« La Nature est bien faite ». Combien de fois ai-je entendu cette phrase définitive ?
« Bien faite », comme en opposition à « Mal faite ». Il y aurait donc un grand plan, bien fait, qui définirait, pour le bien, le fonctionnement naturel, et par voie de conséquence notre propre fonctionnement.
Mais la nature est-elle si bien faite que cela ? Si la complexité des enchainements, liaisons, interdépendances n’est pas niable, en quoi ceci est-il bien fait ? L’univers n’a pas de contrainte de temps, de durée. Les évènements suivent les évènements. Leur inscription dans le temps est une invention humaine, perdus que nous sommes dans l’immense vide qui nous héberge.
Tout est possible, envisageable et essayé. Sans contrainte de résultat. Ce qui fonctionne se poursuit, jusqu’au prochain changement dont l’arrivée ne sera plus compatible et entrainera la disparition du modèle éprouvé. Ce qui ne fonctionne pas s’éteint, jusqu’à la prochaine tentative qui rencontrera peut-être des conditions plus favorables conduisant à un succès et ainsi de suite.
Et puis, lorsque l’on dit ‘La Nature’, de quoi parle-t-on ? Pour la plupart, il s’agit des petites fleurs, des saisons et des chatons… La Nature, c’est l’univers dans son entièreté.
Les galaxies qui se percutent, les trous noirs qui absorbent tout.

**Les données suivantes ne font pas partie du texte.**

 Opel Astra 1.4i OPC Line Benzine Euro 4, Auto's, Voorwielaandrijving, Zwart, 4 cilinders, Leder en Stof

Tout cela est certes très joli et fascinant, mais de loin… Lorsqu’un petit caillou vient percuter la terre, ce sont des espèces vivantes entières qui disparaissent, effaçant le brouillon, laissant le tableau vide, disponible à d’autres hasards. Le prochain qui oblitèrera en un instant de nombreuses espèces vivantes, la nôtre peut-être, ou qui pulvérisera la planète peut-il être qualifié de « bien fait » ?
Plus proche encore, les épidémies qui déciment les espèces vivantes dans un cortège de souffrances peuvent-elles être qualifiées de « Bien faites » ?

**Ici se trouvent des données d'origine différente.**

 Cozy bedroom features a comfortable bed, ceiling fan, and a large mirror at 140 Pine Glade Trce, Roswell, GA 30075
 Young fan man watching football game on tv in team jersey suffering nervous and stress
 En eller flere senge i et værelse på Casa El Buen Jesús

Alors tout cela est-il « Mal fait » ? Pas plus. Il faut tout d’abord étudier la phrase qui comporte le vocable « fait ». Cela sous-tend que « La Nature » serait le résultat d’une action de création. Ce postulat est à l’origine de nombre religions et de leur cortège de schémas de pensée. Comme il n’y a aucune preuve matérielle, on bascule dans la croyance, la conviction, la foi.
En ce qui me concerne, je m’interroge sur le besoin même d’avoir un sens. L’univers est. Et c’est tout. D’ailleurs, tout cela est-il vraiment, ou tout ceci n’est-il qu’un songe, qu’un vague flot d’énergie perdu dans un ensemble plus vaste dont l’existence même nous échappe totalement. Poser la question de l’origine, induit de facto le fait qu’il y ait une origine.
En réalité, rien n’est rien, et tout est tout. Rien n’est futile ou inutile, mais rien n’est important. Quelle différence y-a-t-il entre une goutte d’eau tombant sur un lac assoupi en créant de jolies ridules concentriques à sa surface et une galaxie en rencontrant une autre ?
Tout est une question d’échelle et de point de vue. Nous sommes extrêmement humano-centrés et ce qui est important pour l’espèce humaine est important, ce qui ne l’est pas, est négligeable.